Designed and built to run well on lower-memory systems with typically 128MB or 256MB memory. Typical RAM usage is 4-6 MB.

Installation

apt-get install --no-install-recommends tracker-utils tracker-miner-fs libglib2.0-bin

Everything is in packages, simply install it. The most important program is tracker-control that can start miners, reset them or give you status of the indexing. You need libglib2.0-bin for gsettings utility that allows user to change the gconfig from CLI.

Configuration

If you try to run tracker-control without X11, you get an error:

honza@pina ~ $ tracker-control -s
Starting miners…
Could not start miners, manager could not be created, Command line `dbus-launch --autolaunch=3b0e4b712f60d6b9547b25ae51c194dd --binary-syntax --close-stderr' exited with non-zero exit status 1: Autolaunch error: X11 initialization failed.

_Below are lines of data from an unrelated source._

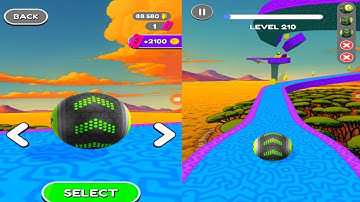 Going balls speedrun gameplay Level 220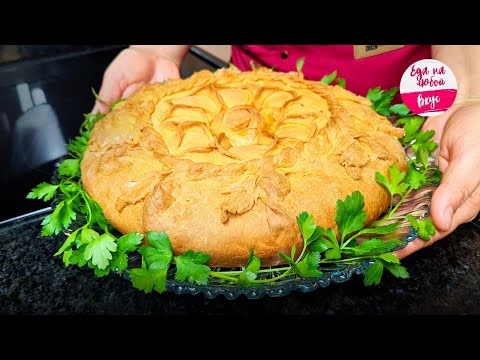 Видео: Быстрое тесто, сочная начинка: праздничный пирог с мясом и картошкой на новый год 2025. Балиш рецепт
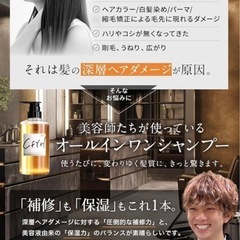 髪質補修サロンCFYH オールインワン サロンシャンプー 500ml リンスインシャンプー アミノ酸 ノンシリコン 美容室専売品 日本製の画像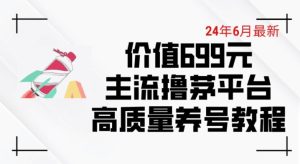 6月最新价值699的主流撸茅台平台精品养号下车攻略【揭秘】-16888副业资讯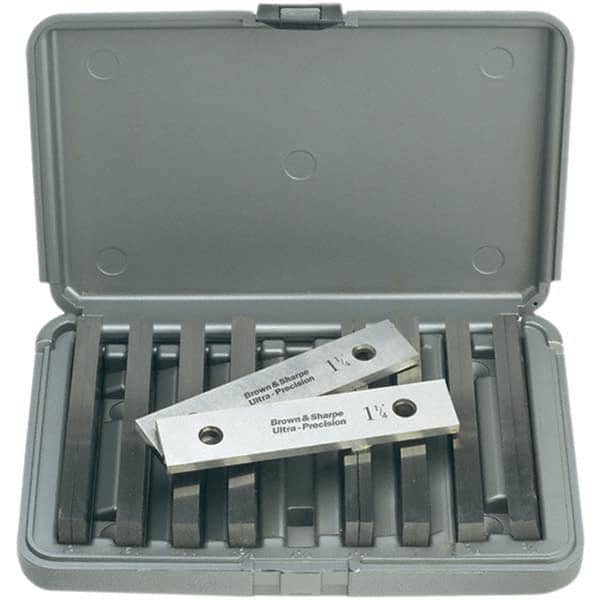 TESA Brown & Sharpe - 18 Piece, 6 Inch Long Parallel Set - 1-3/4 Inch High, 1/4 Inch Thick, 52-58 RC Hardness, Sold as 9 Pair - Exact Tooling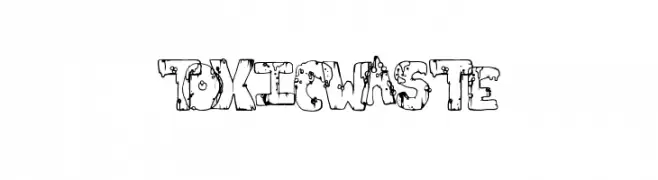 ToxicWaste  Скачать бесплатные шрифты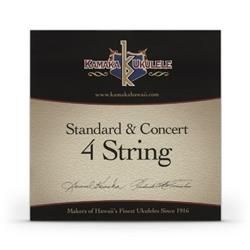 Kamaka S-1 Soprano/Concert Ukulele Strings Black Nylon Set of 4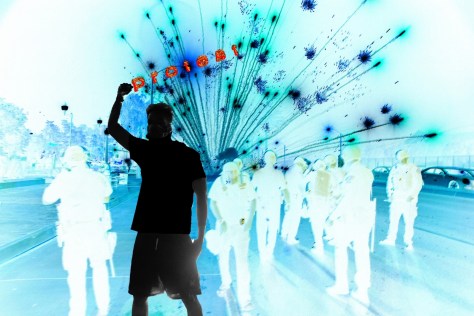 A large group of several hundred protesters gathered near the intersection of Edinger and Bristol, at approximately 9:00 p.m. Wednesday night. Protesters gathered to voice their dissent over the election of Donald Trump in Santa Ana early tonight. The protest took a violent turn when protesters began lobbing mortars at officers later in the night. Police used non lethal weapons to control the crowd, who were throwing bottles, mortars, and other objects at officers. Santa Ana PD was assisted by multiple agencies from around Orange County.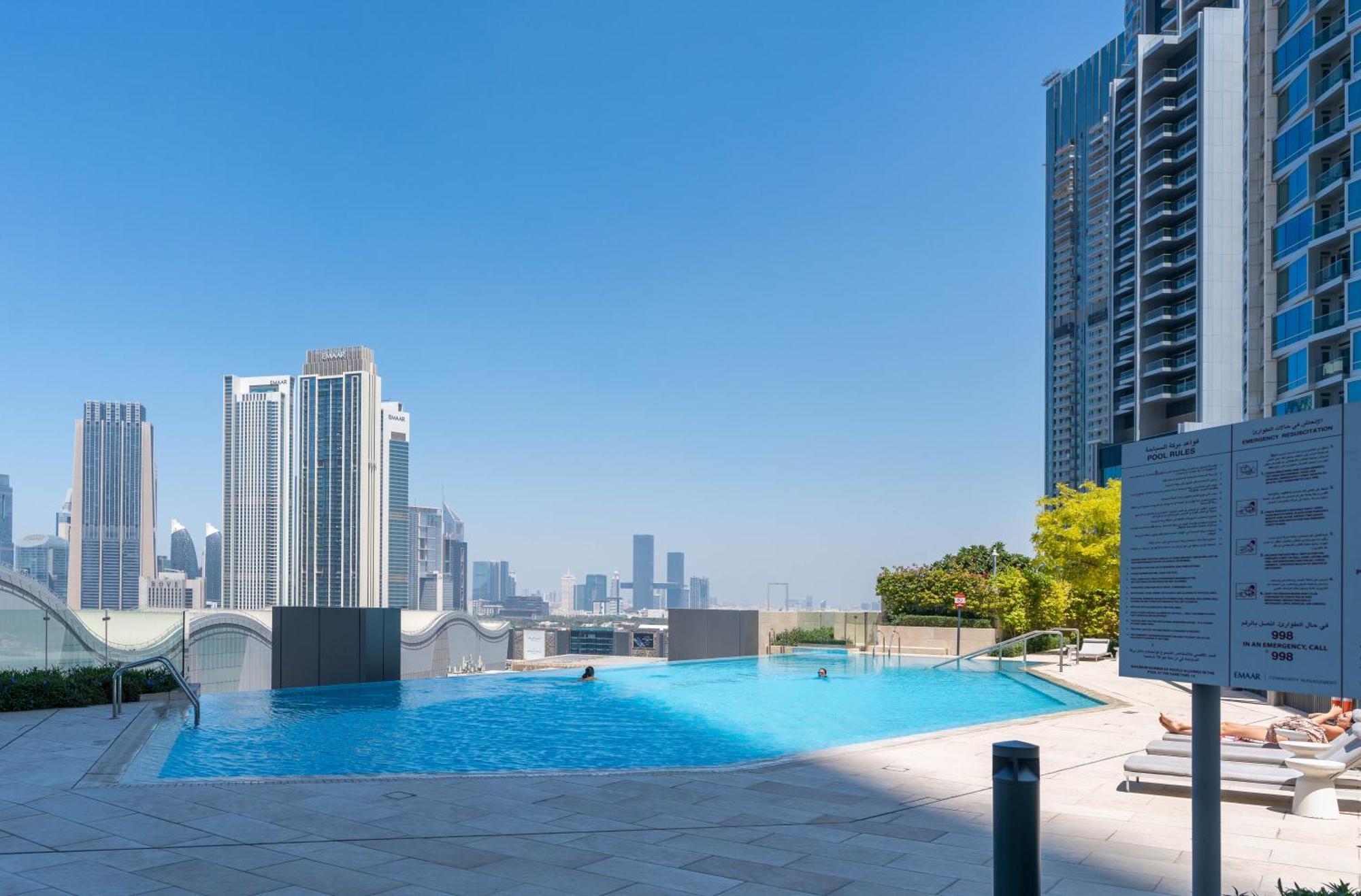 Lux Apt-Burj View Opp. Dxb Mall Дубай Екстериор снимка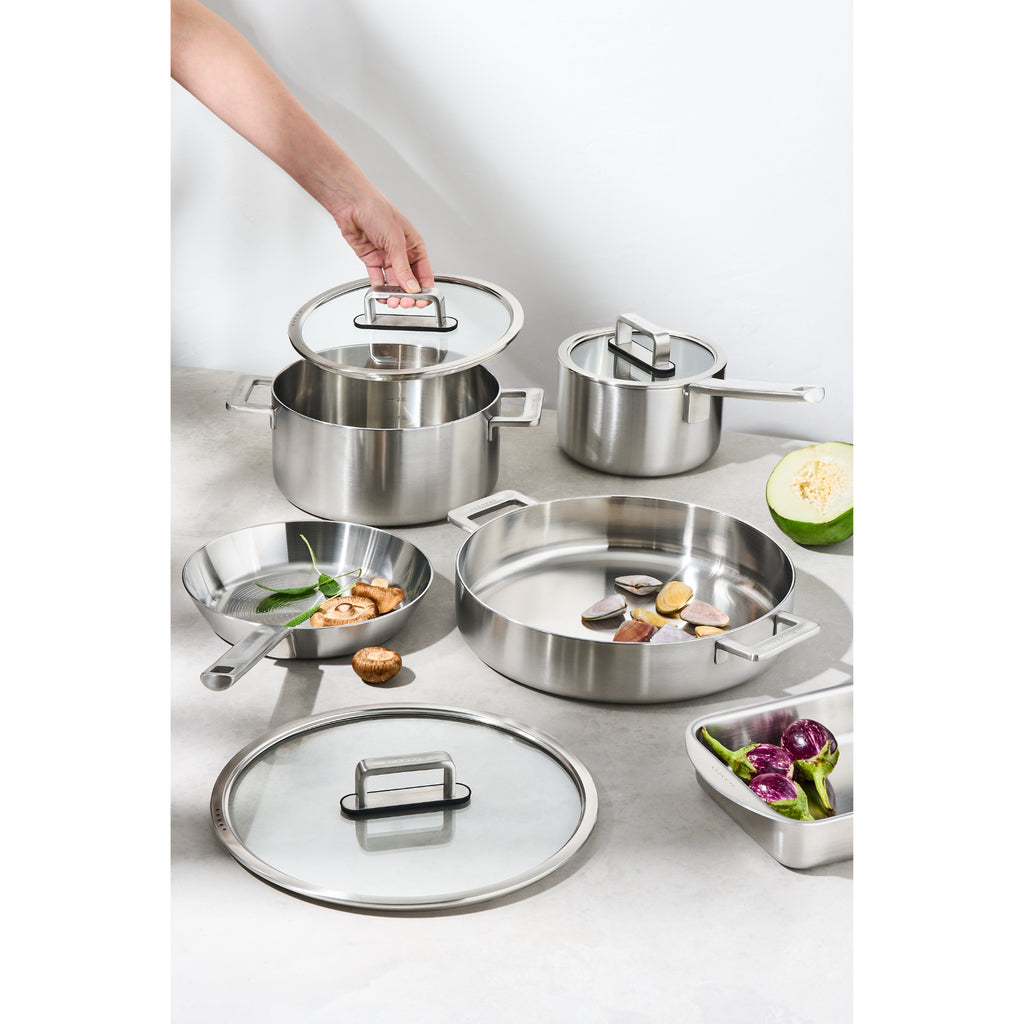 Scanpan Elektra 2 Piece Roaster Set - Silver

Somone else already encountered the problem, the solution is:

eval `dbus-launch --auto-syntax`

It is not pleasant, because you have to manually start the Tracker each time you log in, so you should put it into your login scripts.

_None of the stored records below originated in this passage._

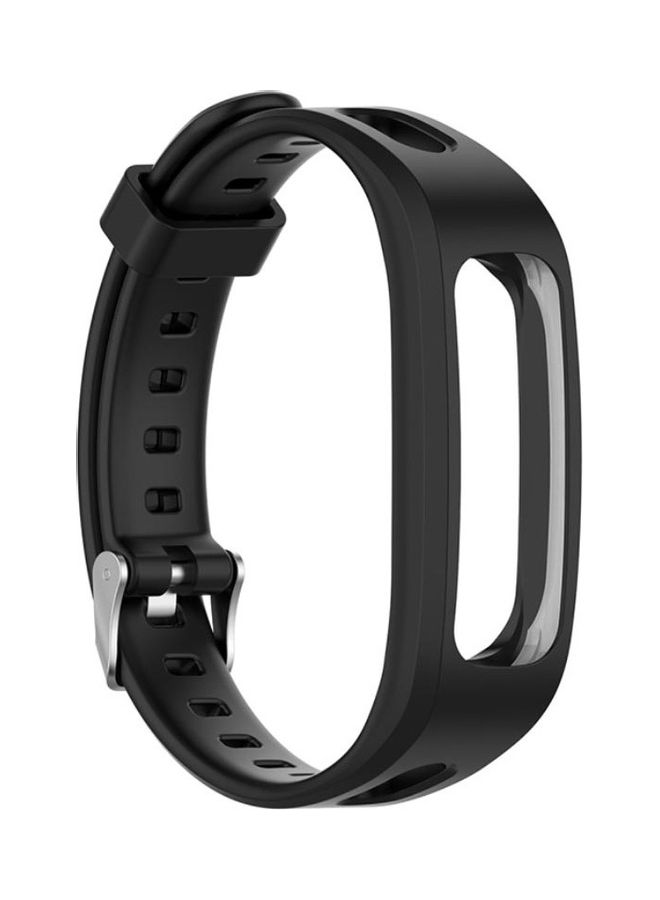 Generic - Huawei Band 3E Silicone Wristband Black - Image 1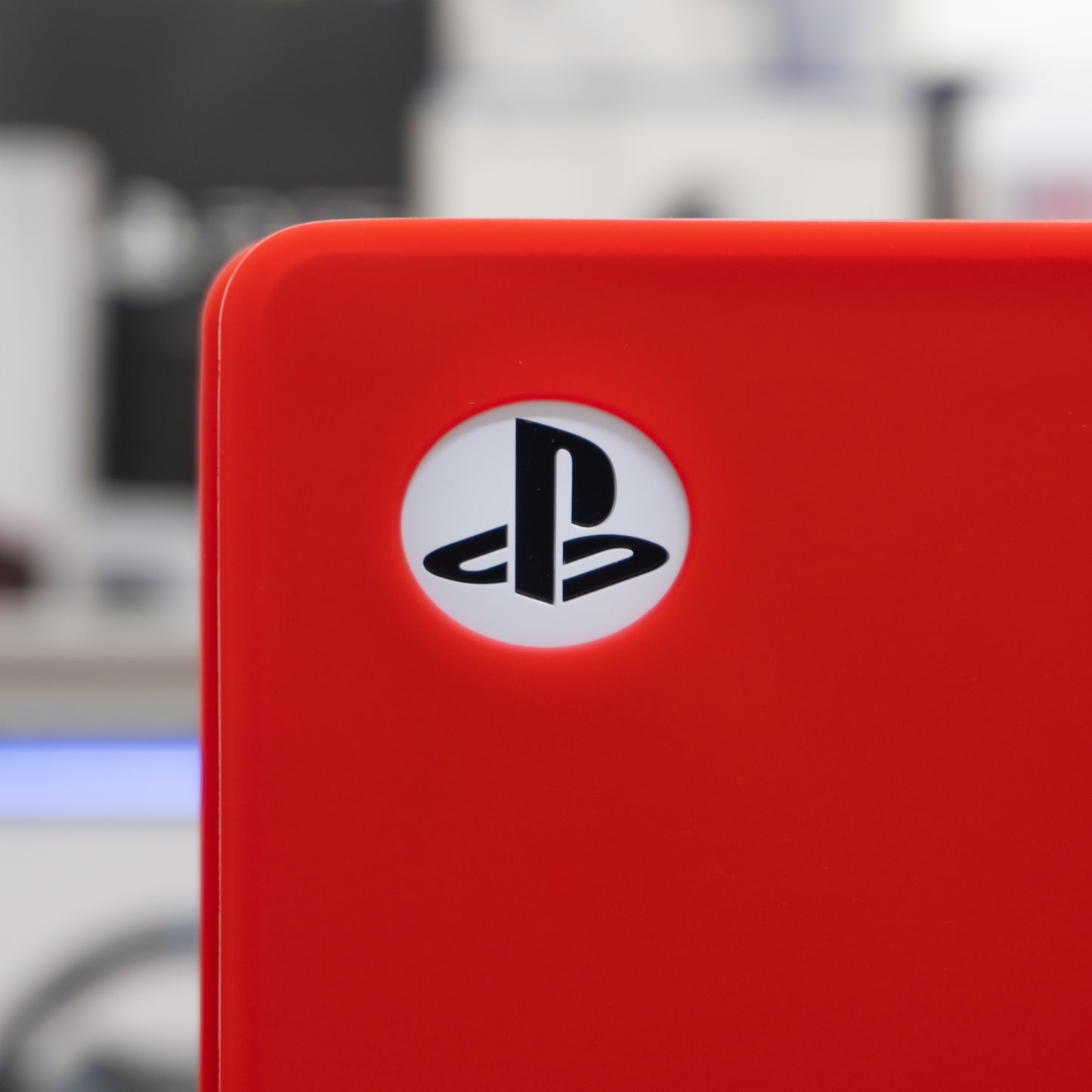 Cover de silicón para Playstation 5 Slim disco rojo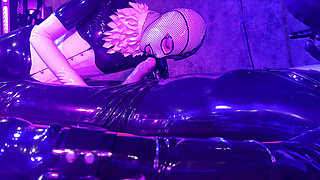 Rubber Fucked by Ava Fetishart While Fucking and Blowing Perv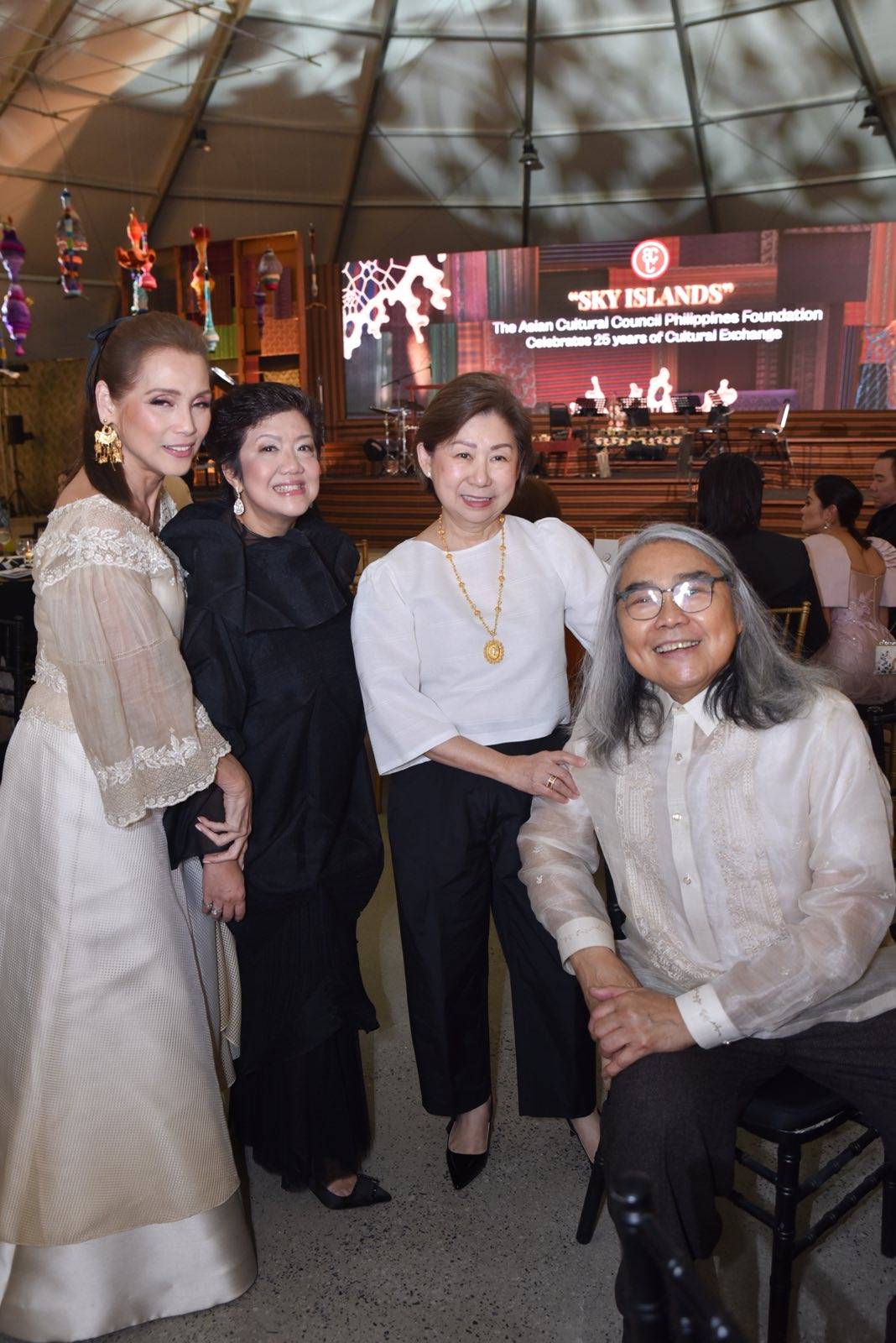 CAROL Masibay, Maja Olivares-Co, Tessie Sy-Coson and Alex Cortez.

You can see all configuration options of Tracker using

gsettings list-recursively | grep -i org.freedesktop.Tracker | sort | uniq

I was interested in searching only one directory, so I changed the index-recursive-directories

gsettings set org.freedesktop.Tracker.Miner.Files index-recursive-directories "['/home/pi/website-mirror']"

Starting the miners

You can start the miners using tracker-control

honza@pina ~ $ tracker-control -s
Starting miners…
  ✓ Applications
  ✓ File System

And after that check the progress using the status option

honza@pina ~ $ tracker-control -S
Store:
27 Jul 2014, 12:44:29:  ✓     Store                 - Idle

Miners:
27 Jul 2014, 12:44:31:  ✓     Applications          - Idle
27 Jul 2014, 12:44:33:   32%  File System           - Processing… 01h 03m 32s remaining

Once you have that, you can easily search for the term using tracker-search

honza@pina ~ $ tracker-search ping
Results:
  file:///home/pi/website-mirror/000458.html
  file:///home/pi/website-mirror/005495.html
  file:///home/pi/website-mirror/019534.html

I also have an application tracker that should find applications, but in default settings, it is probably limited to the Gnome desktop and not programs in /bin.

Logging

You can set logging either through the gsettings (for each component separately) or using tracker-control for all of them at once. The default level errors. Possible values are [debug|detailed|minimal|errors].

gsettings set org.freedesktop.Tracker.Miner.Files verbosity 'detailed'
// Or for all
tracker-control --set-log-verbosity=detailed

The logs are stored in $HOME/.local/share/tracker directory.

End notes

Someone else has also tried to his 5 minutes with Tracker, my observations are similar>

  • Name is horrible, it was hard to google anything with such generic name. Even Tracker itself giver warning when trying to search for common words (Search term ‘index’ is a stop word. Stop words are common words which may be ignored during the indexing process.)
  • It is not running without X out of the box. Rather annoying.
  • Search works, but I would probably choose Lucene next time.